Sound is, in Emptyset’s work primarily an experience of the body. Sound is perceived as mass with properties similar to physical objects in motion through space.  It is the space of composition as much as the space of performance that informs and defines the sonic environment produced. Their latest album Blossom (2020) was received with acclaim as a work focused on research, experimentation and process. It has artificial intelligence at its core integrated with new software while combining impulse responses from spaces the duo performed in as well as several recorded improvised materials.


Archival material, whether it is the acoustic property of space, activated objects or entire performances, appears at the forefront of their practice as musicians, and this is certainly one that features in Purgas’s own work practice. 
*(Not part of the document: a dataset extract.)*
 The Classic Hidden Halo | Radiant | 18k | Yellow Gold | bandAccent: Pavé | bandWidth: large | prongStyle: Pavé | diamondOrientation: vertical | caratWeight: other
Tape Music is a new composition commissioned by Supersonic Festival for PRS Foundation and Southbank Centre’s New Music Biennial*. It develops on the artist’s ongoing research with the archive of the National Institute of Design (NID) in Ahmedabad, India. The tapes found in the archive feature electronic music produced between 1969 and 1973. The research Purgas is undertaking at NID has already led him to produce and exhibit work at Camden Arts Centre in 2020 as well as Art Night and Tramway in 2021.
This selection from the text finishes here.